Le pasteur Gaspard Obiang de l’Eglise le son de la Trompète a fait une déclaration suite à la décision n° 043/GCC rendu par la Cour Constitutionnelle le 24 juillet 2020 à propos de la réforme du Code pénal ayant abouti à la dépénalisation de l’homosexualité au Gabon :

« Pour l’essentiel, la Haute Juridiction de l’Etat en matière constitutionnelle a décidé dans son article 1er : Les requêtes introduites en tant qu’elles ont été enregistrées au Greffe de la Cour les 1er, 2, 10 et 13 juillet 2020 soit après la promulgation le 30 juin 2020 de ladite loi sont irrecevables. Selon elle, les requérants n’ont pas respecté le délai de saisine de la Cour. Laquelle saisine doit intervenir avant la promulgation de la loi querellée. Loin de nous l’idée de critiquer une décision de justice c’est-à-dire de chercher à jeter le discrédit publiquement dans des conditions de nature à porter atteinte à l’autorité de la justice ou à son indépendance. Il reste néanmoins que cette décision soulève interrogations, suscite déception mais point de résignation.

L’interrogation, elle est d’ordre juridique. A quel moment peut-on contesté une loi en instance de promulgation lorsque l’adoption de cette loi et sa promulgation interviennent le même jour ? En l’espèce, la nouvelle loi n° 006/2020 modifiant la loi 042/2018 du 5 juillet 2019 portant Code pénal en République gabonaise a été adopté définitivement c’es-à-dire votée en termes identiques par l’Assemblée Nationale et le Sénat le 29 juin 2020 à 20 heures. Le décret de promulgation de cette loi est intervenu le 30 juin 2020. A ce moment nous ne le savions. A quel moment aurions-nous pu saisir la Cour Constitutionnelle ? A quel moment aurions-nous pu faire valoir nos droits que nous confère la Constitution c’est-à-dire saisir la Cour dans le délai de promulgation.

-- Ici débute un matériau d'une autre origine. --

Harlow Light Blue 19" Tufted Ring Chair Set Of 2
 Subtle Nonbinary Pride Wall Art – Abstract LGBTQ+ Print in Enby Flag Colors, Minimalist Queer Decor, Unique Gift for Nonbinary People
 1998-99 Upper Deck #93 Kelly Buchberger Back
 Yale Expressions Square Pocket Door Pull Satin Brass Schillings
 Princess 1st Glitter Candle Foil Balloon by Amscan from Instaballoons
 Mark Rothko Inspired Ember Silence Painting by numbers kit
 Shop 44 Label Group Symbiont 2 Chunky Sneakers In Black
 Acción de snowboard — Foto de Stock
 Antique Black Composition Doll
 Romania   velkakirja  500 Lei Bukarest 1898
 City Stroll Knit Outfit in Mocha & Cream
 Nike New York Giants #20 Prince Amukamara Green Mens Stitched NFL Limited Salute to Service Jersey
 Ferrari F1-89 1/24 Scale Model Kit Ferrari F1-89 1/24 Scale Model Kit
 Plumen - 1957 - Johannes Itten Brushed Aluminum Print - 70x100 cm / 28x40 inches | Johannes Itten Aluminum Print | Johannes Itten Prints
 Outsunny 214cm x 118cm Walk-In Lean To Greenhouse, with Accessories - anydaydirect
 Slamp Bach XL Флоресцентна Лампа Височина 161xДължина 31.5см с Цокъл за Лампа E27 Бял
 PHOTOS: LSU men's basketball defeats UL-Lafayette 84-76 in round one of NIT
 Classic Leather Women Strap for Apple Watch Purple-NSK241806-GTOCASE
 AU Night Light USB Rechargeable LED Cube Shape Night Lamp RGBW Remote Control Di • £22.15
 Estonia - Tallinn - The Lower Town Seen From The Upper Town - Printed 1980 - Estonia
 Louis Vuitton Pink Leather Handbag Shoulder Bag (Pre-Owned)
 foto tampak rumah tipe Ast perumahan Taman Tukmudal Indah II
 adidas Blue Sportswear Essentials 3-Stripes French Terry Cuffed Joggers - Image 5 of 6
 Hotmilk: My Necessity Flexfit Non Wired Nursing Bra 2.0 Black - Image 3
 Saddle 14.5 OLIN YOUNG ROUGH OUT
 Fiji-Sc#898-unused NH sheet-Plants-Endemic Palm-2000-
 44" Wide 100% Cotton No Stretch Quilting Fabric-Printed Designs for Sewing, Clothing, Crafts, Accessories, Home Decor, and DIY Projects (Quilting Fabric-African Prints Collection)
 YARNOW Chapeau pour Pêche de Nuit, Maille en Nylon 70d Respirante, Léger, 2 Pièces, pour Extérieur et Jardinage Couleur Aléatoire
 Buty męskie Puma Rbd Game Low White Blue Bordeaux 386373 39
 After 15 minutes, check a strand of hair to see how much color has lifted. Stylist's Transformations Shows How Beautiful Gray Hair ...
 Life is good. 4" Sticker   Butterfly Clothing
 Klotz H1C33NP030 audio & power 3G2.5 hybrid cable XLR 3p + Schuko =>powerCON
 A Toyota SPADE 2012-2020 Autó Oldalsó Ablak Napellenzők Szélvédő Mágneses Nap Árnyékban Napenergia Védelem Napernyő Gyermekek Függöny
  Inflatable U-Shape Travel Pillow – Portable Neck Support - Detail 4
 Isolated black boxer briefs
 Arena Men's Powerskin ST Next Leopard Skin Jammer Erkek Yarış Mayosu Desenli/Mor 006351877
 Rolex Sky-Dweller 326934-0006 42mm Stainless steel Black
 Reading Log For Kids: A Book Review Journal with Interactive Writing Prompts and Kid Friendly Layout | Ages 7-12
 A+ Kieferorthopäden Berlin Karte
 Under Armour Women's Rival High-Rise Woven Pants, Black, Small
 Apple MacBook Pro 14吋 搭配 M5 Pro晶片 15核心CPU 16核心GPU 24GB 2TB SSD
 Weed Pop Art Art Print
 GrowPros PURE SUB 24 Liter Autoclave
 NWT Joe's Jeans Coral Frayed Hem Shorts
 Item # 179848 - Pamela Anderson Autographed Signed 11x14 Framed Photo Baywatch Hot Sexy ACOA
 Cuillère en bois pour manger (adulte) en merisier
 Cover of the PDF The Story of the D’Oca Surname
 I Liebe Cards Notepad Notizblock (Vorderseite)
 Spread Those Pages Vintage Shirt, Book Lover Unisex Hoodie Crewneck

La déception : pour une question de forme, fort discutable, cette décision vient en quelque sorte homologuée une loi inique et anticonstitutionnelle. C’est une énorme déception, mais pas de résignation. Malgré cette décision, nous gardons espoir en l’avenir notamment pour nos enfants, pour notre jeunesse. Car si nous ne pouvons plus intervenir auprès d’une quelconque juridiction, il n’en demeure pas moins que notre action continuera de mobiliser, de sensibiliser ceux qui font et défont les lois c’est-à-dire l’Exécutif et le Législatif, et de continuer à viser l’éducation de la population afin que soit freiner la perte des valeurs morales constatées dans notre société. Il appartient donc à chaque famille, chaque chef de famille d’enseigner l’enfant selon la voie qu’il doit suivre. »

Force est de constater que le pasteur Gaspard Obiang n’a pas ménagé ses efforts pour signifier à la Cour Constitutionnel et aux parlementaires sa colère et sa désapprobation. Car la décision de la Cour constitue un assaut inquiétant du gouvernement contre la défense des droits moraux des Gabonais. Le peuple gabonais est souverain.

En effet, les critiques soulevées par la décision de la Cour Constitutionnelle ne changent rien au fait que les fondements normatifs de la justice constitutionnelle gabonaise sont largement ignorés par la science juridique, tout comme par toutes les forces politiques. Pourtant, le droit au recours des individus est un élément essentiel de cette institution constitutionnelle. Il est censé garantir une protection exemplaire et efficace des droits de l’homme et des libertés fondamentales.